[[ The data, beginning ]]

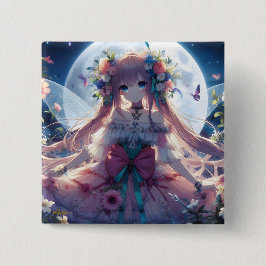 アニメの女の子 花 月 フェアリー 缶バッジ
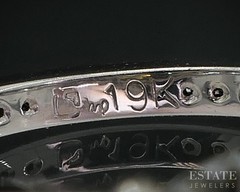 Antique 19k White Gold OEC 1.37ct Diamond & Blue Sapphire Engagement Ring i18999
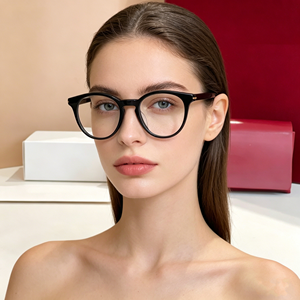 Monturas de Gafas Ópticas Redondas Retro de Acetato Negro, Gafas de Moda con Protección Contra la <span class=keywords><strong>Luz</strong></span> Azul para Mujeres y Hombres, Gafas Graduadas - Product Image 2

[[ The data, end ]]

Start at the first line and set down all of the data exactly, passing over the pictures.

 アニメの女の子 花 月 フェアリー 缶バッジ
 Antique 19k White Gold OEC 1.37ct Diamond & Blue Sapphire Engagement Ring i18999
 Monturas de Gafas Ópticas Redondas Retro de Acetato Negro, Gafas de Moda con Protección Contra la <span class=keywords><strong>Luz</strong></span> Azul para Mujeres y Hombres, Gafas Graduadas - Product Image 2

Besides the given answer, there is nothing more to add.